SUPPLIED ENTRIES |

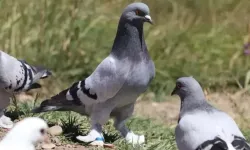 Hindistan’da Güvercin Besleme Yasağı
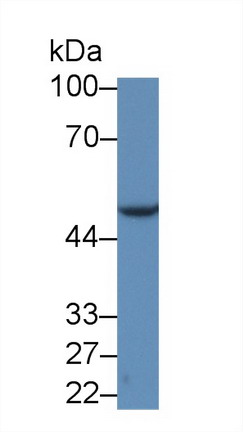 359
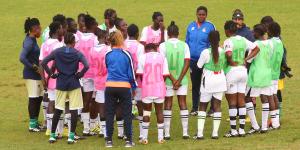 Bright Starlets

* * *

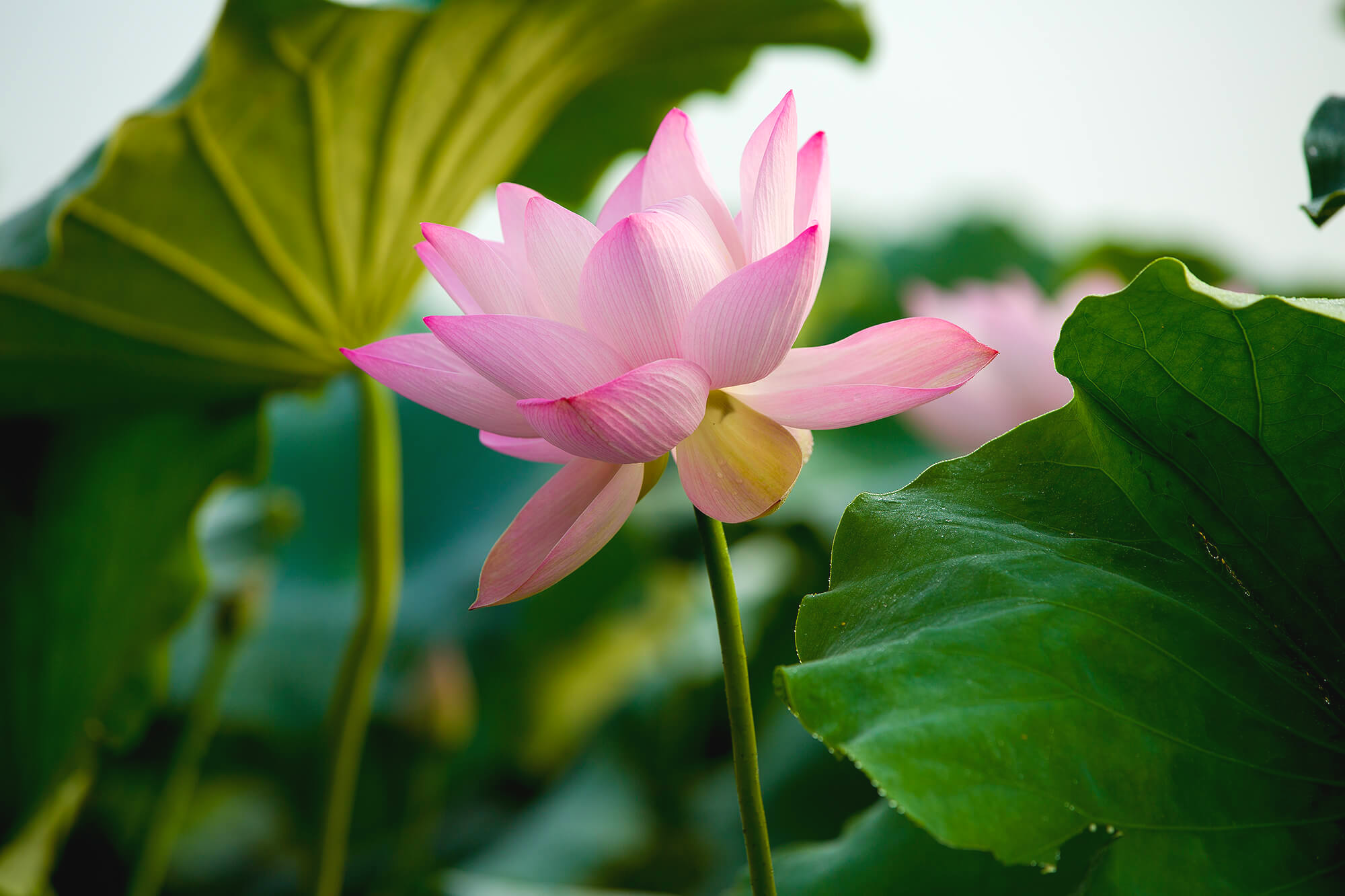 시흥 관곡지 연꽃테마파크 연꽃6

YOUR TASK |
Would you output only the span of the records above that opens with the line containing "Hindistan’da Güvercin Besleme Yasağı" and closes with the line containing "Bright Starlets", ends included and pictures dropped?

WRITTEN RESPONSE |
 Hindistan’da Güvercin Besleme Yasağı
 359
 Bright Starlets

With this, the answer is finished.